Black Palp Pardosa Wolf Spider

Scientific classification
- Kingdom: Animalia
- Phylum: Arthropoda
- Subphylum: Chelicerata
- Class: Arachnida
- Order: Araneae
- Infraorder: Araneomorphae
- Family: Lycosidae
- Genus: Spiniculosa
- Species: S. crassipalpis
- Binomial name: Spiniculosa crassipalpis (Purcell, 1903)
- Synonyms: Pardosa crassipalpis Purcell, 1903 ; Passiena upembensis Roewer, 1959 ;

= Pardosa crassipalpis =

- Authority: (Purcell, 1903)

Species of spider

Spiniculosa crassipalpis is a species of spider in the family Lycosidae. It is found in southern Africa and is commonly known as the black palp Pardosa wolf spider.

==Distribution==
Spiniculosa crassipalpis is found in Ethiopia, Democratic Republic of the Congo, Kenya, Tanzania, Namibia, Botswana, Zimbabwe, and South Africa. In South Africa, it is known from all nine provinces at altitudes ranging from 7 to 2102 m.

==Habitat and ecology==
Spiniculosa crassipalpis inhabits all the floral biomes except the Desert Biome. The species is a fast running ground spider found in a variety of habitat types.
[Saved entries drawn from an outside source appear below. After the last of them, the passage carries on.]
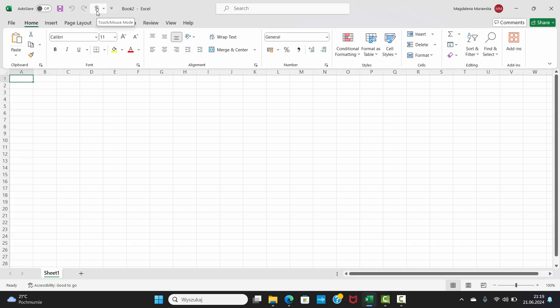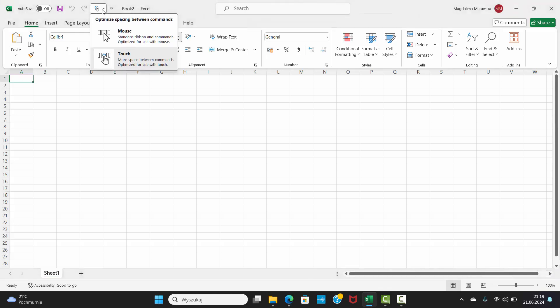You've got another option next to the Customize Quick Access Toolbar option. Click on it and you've got two options: Mouse and Touch. Touch Mode is optimized for use with touch, so there is more space between commands.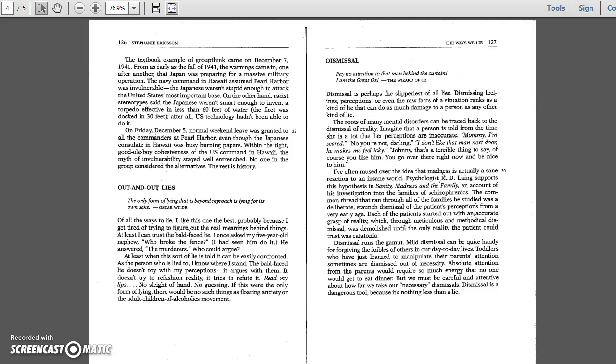I have often mused over the idea that madness is actually a sane reaction to an insane world. Psychologist R.D. Laing supports this hypothesis in Sanity, Madness, and the Family, an account of his investigation into the families of schizophrenics. The common thread that ran through all of the families he studied was a deliberate, staunch dismissal of the patient's perceptions from a very early age. Through meticulous and methodical dismissal, reality was demolished until the only reality the patient could trust was catatonia.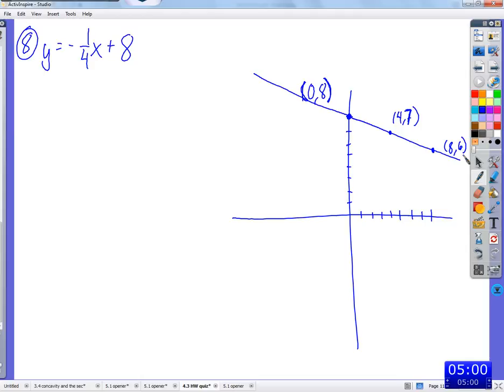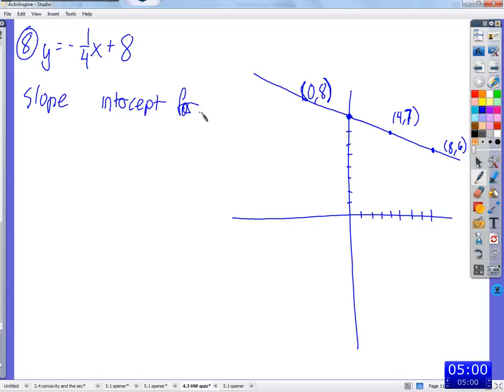So we've done quite a few examples of graphing in this convenient form — when y is by itself, when the equation is in slope-intercept form. It's called slope-intercept form because here's the slope and here's the intercept. If you wanted to get an equation into slope-intercept form, you get y by itself — and it's over. It's in slope-intercept form.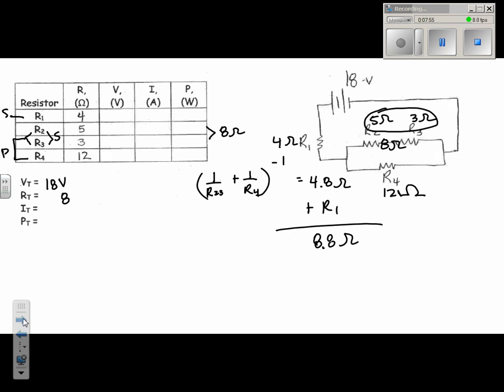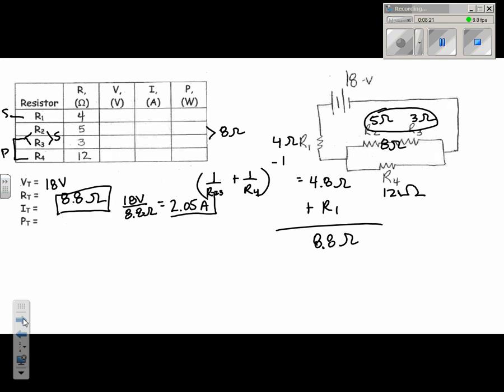So that's going to be my total resistance. Then, to find my current, I'm going to do 18 volts divided by 8.8 ohms and come up with 2.05 amps. Then I can do my power by doing V times I, so that's 18 multiplied by 2.05, which is going to give me 36.82 watts.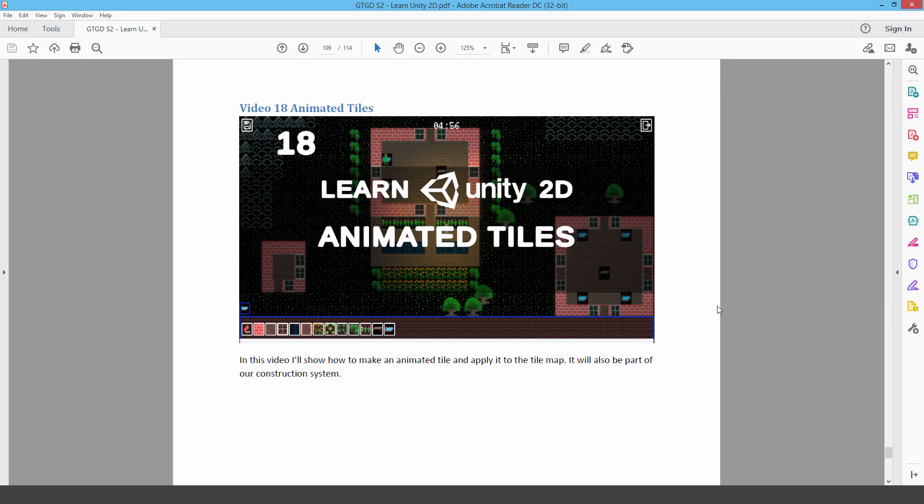Welcome back. I'm GTGD, and this is video 18, Animated Tiles. It's our last video in this series, so we're just going to end it on something nice and simple and easy, and adds a nice visual effect to our project.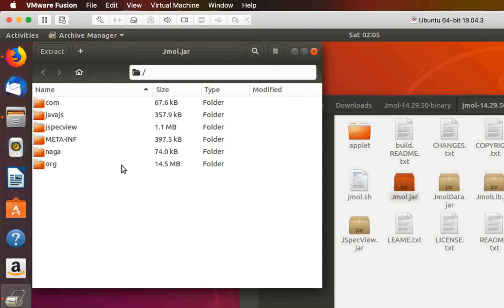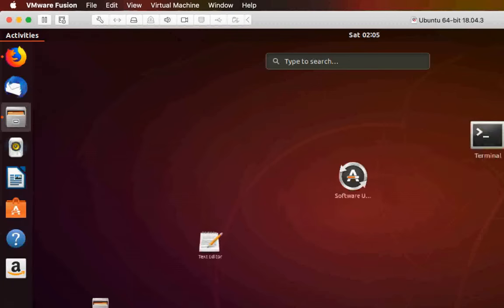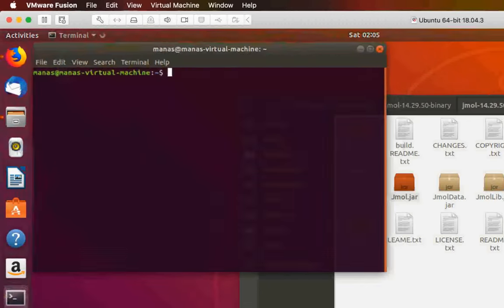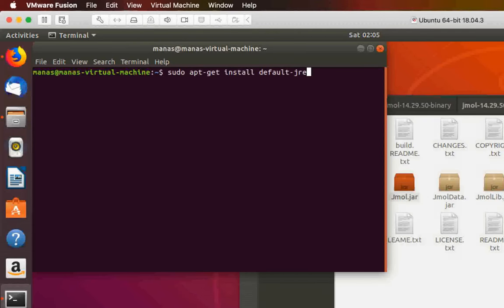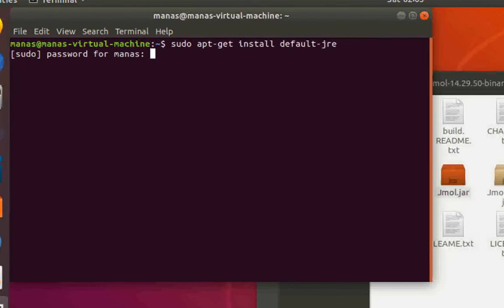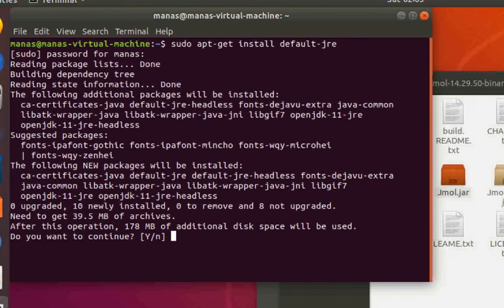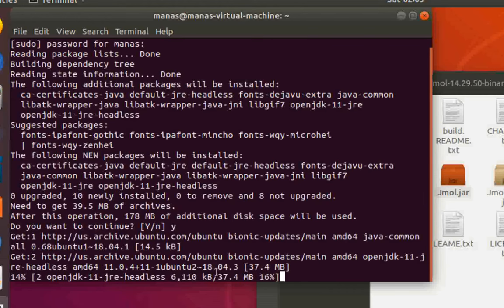In order to get this to run, you need to open the terminal, make sure you're connected to the internet, and install Java by giving the command: sudo apt-get install default-jre. Then enter your password and click yes to install it.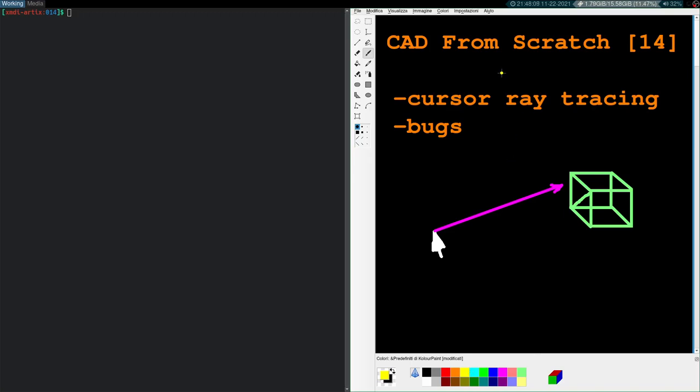Welcome back. CAD from Scratch episode 14. Topic today is cursor ray tracing. Basically, I want to be able to use the cursor to pick a face on our cube body and change the color. That's the objective today. There's a link in the description with a timestamp. You can click, skip ahead, and see the results.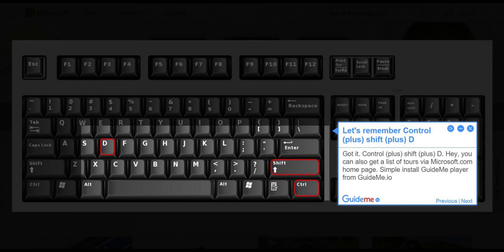CTRL plus Shift plus D. Hey, you can also get a list of tours via Microsoft.com homepage.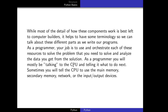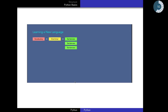As a programmer, you will be talking to the CPU and telling it what to do next. You will ask it to use main memory, secondary memory, network, or input devices to solve a problem. This process is called programming, and for that you have to learn a new language. Learning a computer language is similar to learning a natural language — you have to learn the vocabulary first, then the grammar, then connect them in a grammatically correct way to give a logical meaning and form a sentence.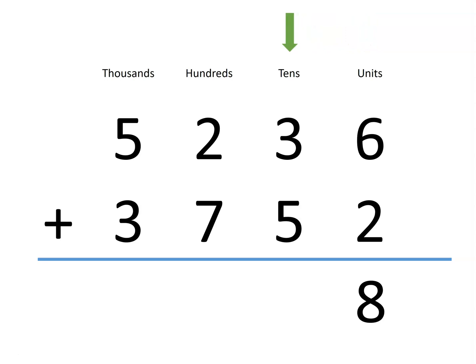Next, we add the tens. Five tens and three tens is a total of eight tens.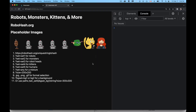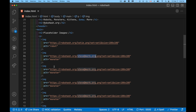So the sets. If you add into the query string for the image set equals, and then set one, two, three, four, or five, you're going to get robots, monsters, robot heads, kittens, or humans. So in here, I'm using set one for a whole bunch of these.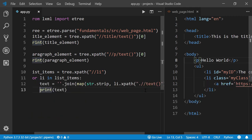Besides xpath, we also have CSS selectors to select tags from HTML web pages. In the next video I'll give a brief introduction to CSS selectors, and I'll add a dedicated section for them. Choosing between xpath and CSS selectors is a question of preference — I personally always use xpath. However, when using Splash, CSS selectors are required, which is why I decided to include them in this course.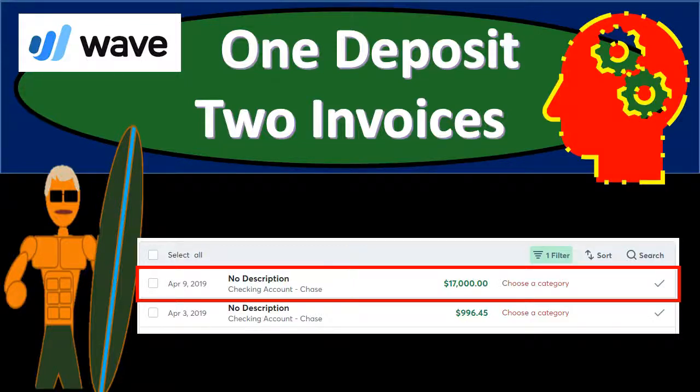In this presentation, we're going to record a transaction where we have one deposit related to two invoices with the use of bank feeds. We're going to see the deposit come through from the bank feeds, apply them out to invoices — however, there are two invoices that add up to that one deposit, which we will have to match out.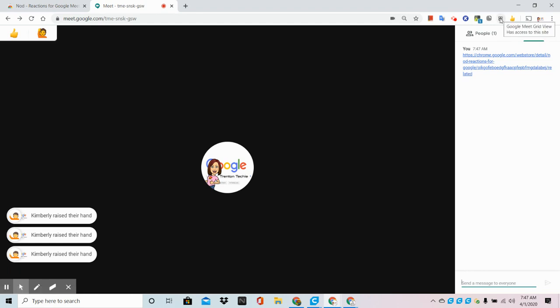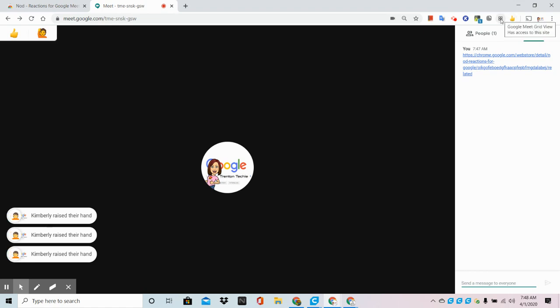Remember, students do not need grid view. They are not going to be presenters in Google Meet. This will come on their screen as soon as you begin your presentation, and you have it downloaded.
It is recognized as an agrobiont species and is commonly found in crops such as apple, cabbage, citrus, cotton, lucerne, maize, pear, pecans, pine, pistachio, potatoes, sorghum, strawberries, sugar cane, sunflower, and tomatoes.

==Conservation==
Spiniculosa crassipalpis is listed as Least Concern by the South African National Biodiversity Institute. This is a very abundant species with no known threats.

==Taxonomy==
Spiniculosa crassipalpis was originally described by Purcell in 1903 as Pardosa crassipalpis from Montagu. The species was revised by Roewer in 1959 and is known from both sexes.